Scraped caption text data
----

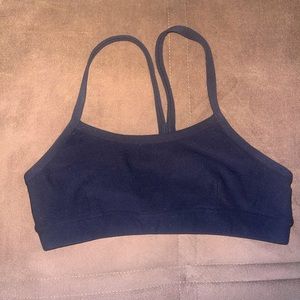 Compression sports bra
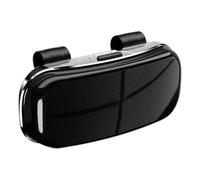 Générique Porte-Lunettes de Voiture, Range-Lunettes d'Visoire pour Auto, Organisateur Intérieur pour Lunettes de Conduite Quotidienne Trajets
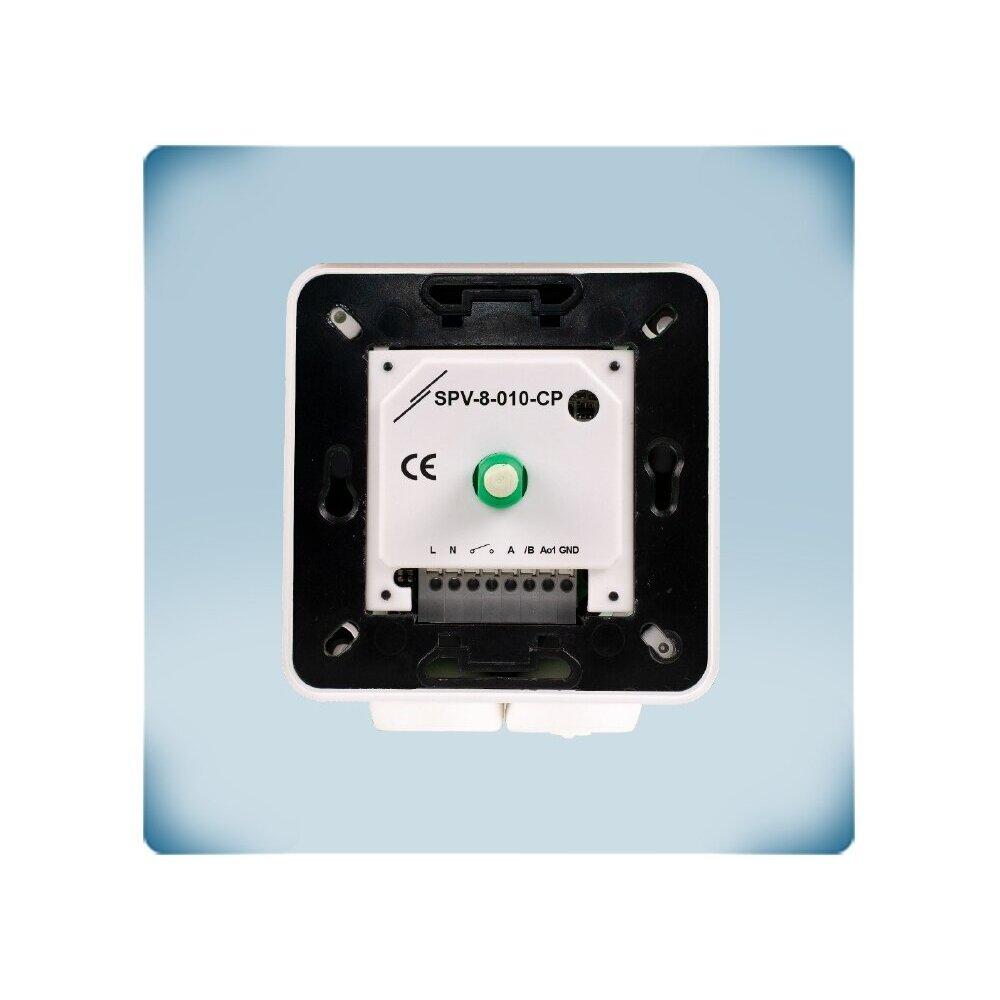 EC-ventilaatori potentsiomeeter lisakontaktiga | Sentera Controls | SPV-8-010-CP 5 EC-ventilaatori potentsiomeeter lisakontaktiga | Sentera Controls | SPV-8-010-CP 5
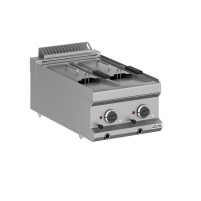 Frytownica elektryczna nastawna 2x7l, linia DominaPro 700 Wariant podstawowy, MBM FRE74T2V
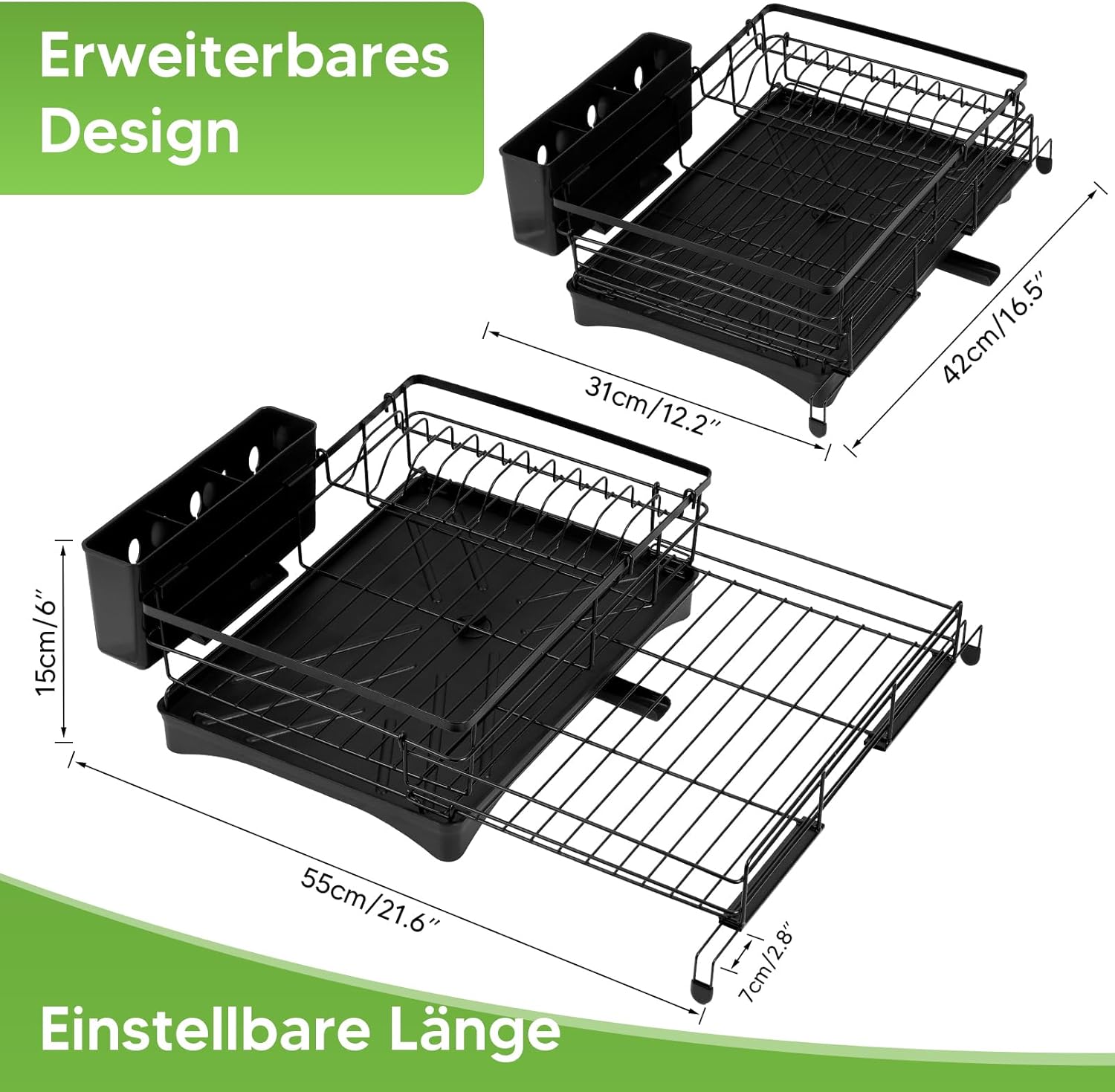 Escurreplatos Acero Inoxidable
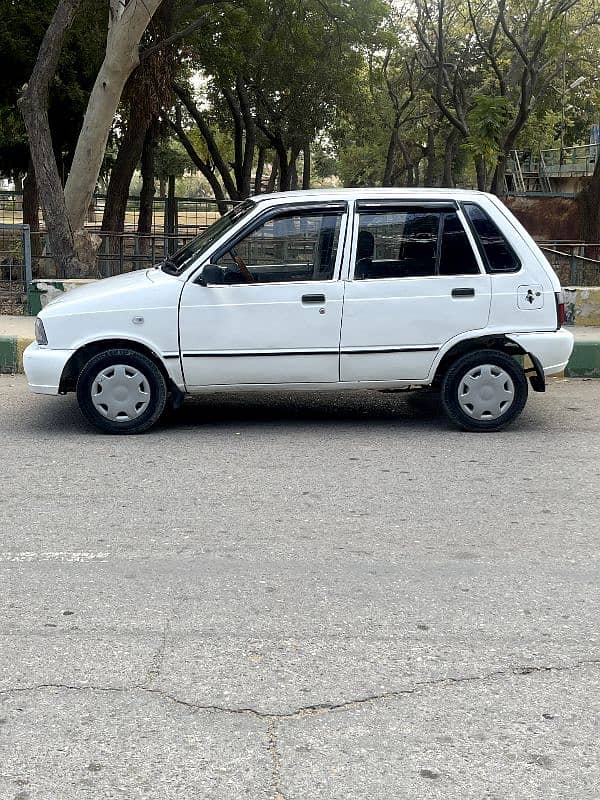 Suzuki Mehran VX 2008 5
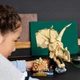Конструктор LEGO Jurassic World Окаменелости динозавров: череп трицератопса 468 деталей (76969) - изображение 4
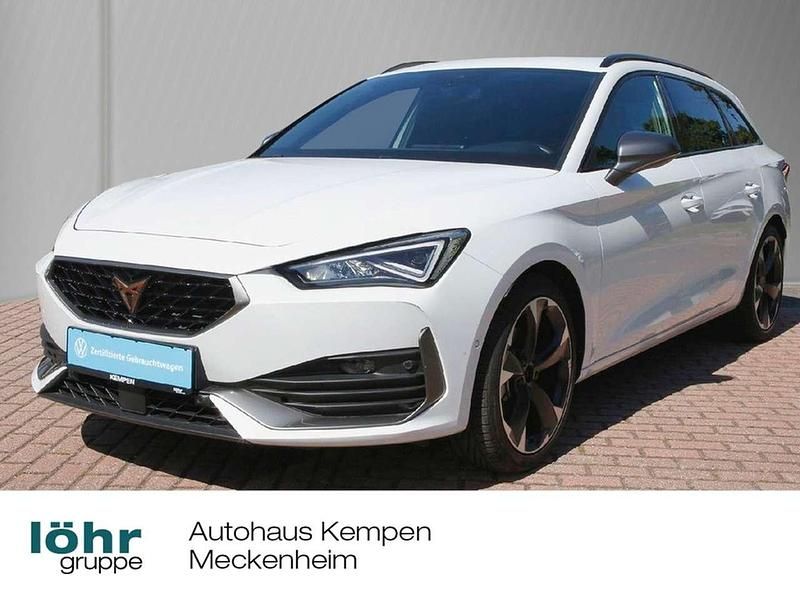 "nevada" weiss Gebraucht 2024 Cupra Leon Kombi | 25.750 € (Superpreis) - Bild 1/4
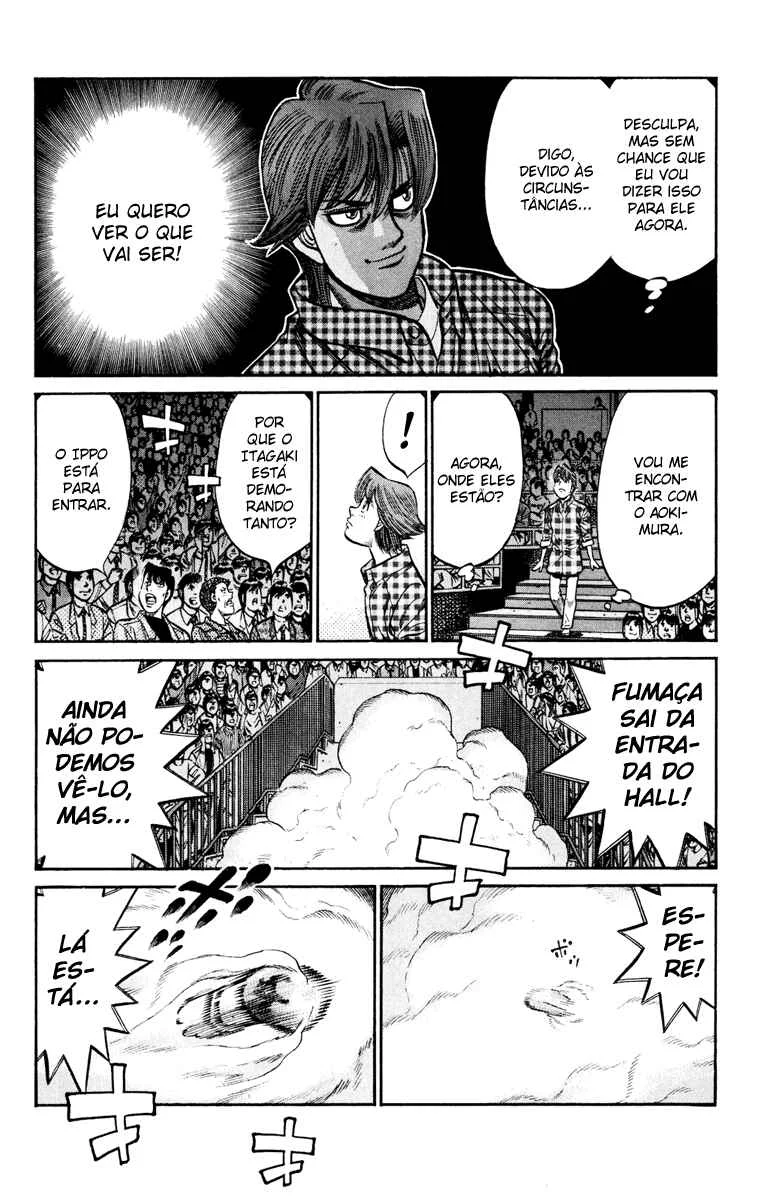 Hajime no Ippo Capítulo 889 – Obstáculo Invisível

----

■ DIRECTIONS FOR THIS TASK ■
Give back every record above exactly as written, skipping each picture.

■ TASK ANSWER ■
 Compression sports bra
 Générique Porte-Lunettes de Voiture, Range-Lunettes d'Visoire pour Auto, Organisateur Intérieur pour Lunettes de Conduite Quotidienne Trajets
 EC-ventilaatori potentsiomeeter lisakontaktiga | Sentera Controls | SPV-8-010-CP 5 EC-ventilaatori potentsiomeeter lisakontaktiga | Sentera Controls | SPV-8-010-CP 5
 Frytownica elektryczna nastawna 2x7l, linia DominaPro 700 Wariant podstawowy, MBM FRE74T2V
 Escurreplatos Acero Inoxidable
 Suzuki Mehran VX 2008 5
Конструктор LEGO Jurassic World Окаменелости динозавров: череп трицератопса 468 деталей (76969) - изображение 4
 "nevada" weiss Gebraucht 2024 Cupra Leon Kombi | 25.750 € (Superpreis) - Bild 1/4
 Hajime no Ippo Capítulo 889 – Obstáculo Invisível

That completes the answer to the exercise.